■ **EXERCISE INSTRUCTIONS**
Start to finish, print the data below exactly, without the images.

■ **Data records**

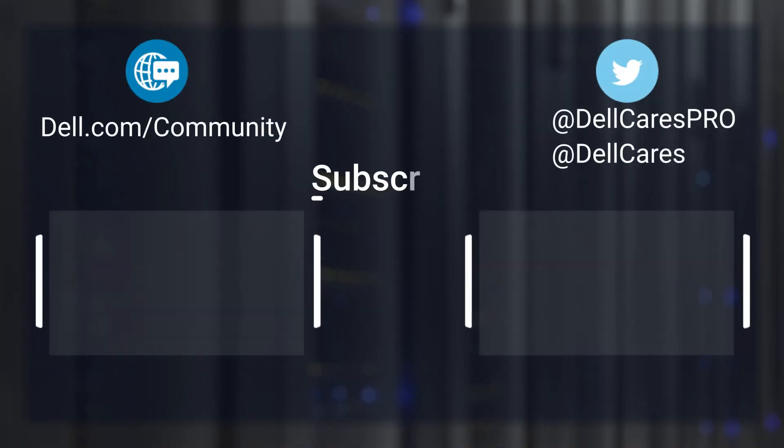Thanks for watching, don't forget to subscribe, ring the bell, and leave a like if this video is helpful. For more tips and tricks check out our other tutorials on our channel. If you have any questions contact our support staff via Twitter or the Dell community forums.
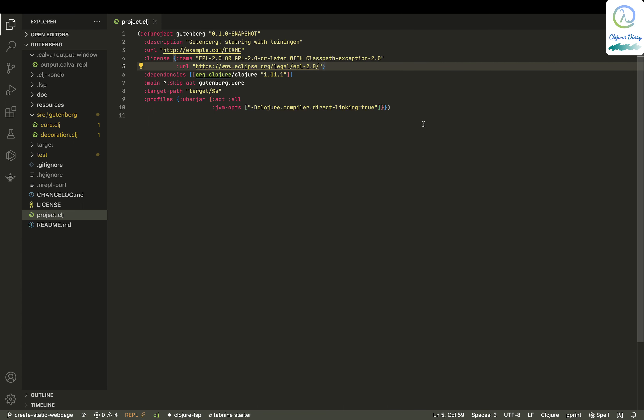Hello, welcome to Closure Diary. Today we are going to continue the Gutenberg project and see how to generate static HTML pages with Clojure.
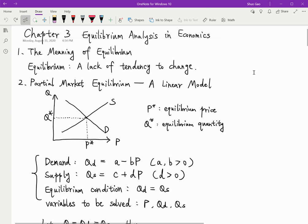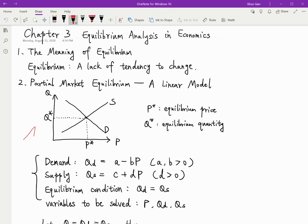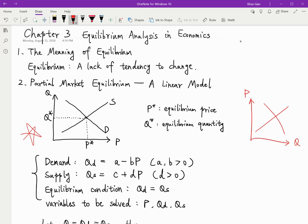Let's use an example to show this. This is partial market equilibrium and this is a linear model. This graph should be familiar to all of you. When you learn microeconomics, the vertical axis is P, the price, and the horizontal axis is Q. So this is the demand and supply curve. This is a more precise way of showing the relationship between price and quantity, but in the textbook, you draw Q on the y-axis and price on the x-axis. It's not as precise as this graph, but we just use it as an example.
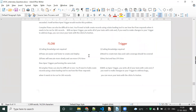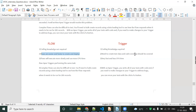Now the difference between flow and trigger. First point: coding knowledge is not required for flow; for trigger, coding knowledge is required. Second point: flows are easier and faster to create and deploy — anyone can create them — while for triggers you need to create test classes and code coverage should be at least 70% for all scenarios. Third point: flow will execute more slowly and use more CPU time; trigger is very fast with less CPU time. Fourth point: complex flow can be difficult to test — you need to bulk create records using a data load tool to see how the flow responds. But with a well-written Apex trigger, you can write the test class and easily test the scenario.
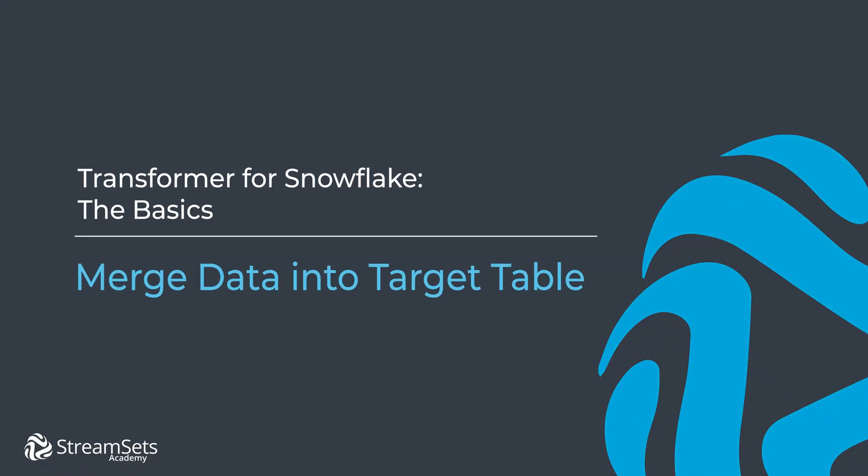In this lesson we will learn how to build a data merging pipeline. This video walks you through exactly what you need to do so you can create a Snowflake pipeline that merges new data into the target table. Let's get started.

■ **FINISHED EXERCISE**
Thanks for watching, don't forget to subscribe, ring the bell, and leave a like if this video is helpful. For more tips and tricks check out our other tutorials on our channel. If you have any questions contact our support staff via Twitter or the Dell community forums.
Hello, welcome to Closure Diary. Today we are going to continue the Gutenberg project and see how to generate static HTML pages with Clojure.
Let's use an example to show this. This is partial market equilibrium and this is a linear model. This graph should be familiar to all of you. When you learn microeconomics, the vertical axis is P, the price, and the horizontal axis is Q. So this is the demand and supply curve. This is a more precise way of showing the relationship between price and quantity, but in the textbook, you draw Q on the y-axis and price on the x-axis. It's not as precise as this graph, but we just use it as an example.
Now the difference between flow and trigger. First point: coding knowledge is not required for flow; for trigger, coding knowledge is required. Second point: flows are easier and faster to create and deploy — anyone can create them — while for triggers you need to create test classes and code coverage should be at least 70% for all scenarios. Third point: flow will execute more slowly and use more CPU time; trigger is very fast with less CPU time. Fourth point: complex flow can be difficult to test — you need to bulk create records using a data load tool to see how the flow responds. But with a well-written Apex trigger, you can write the test class and easily test the scenario.
In this lesson we will learn how to build a data merging pipeline. This video walks you through exactly what you need to do so you can create a Snowflake pipeline that merges new data into the target table. Let's get started.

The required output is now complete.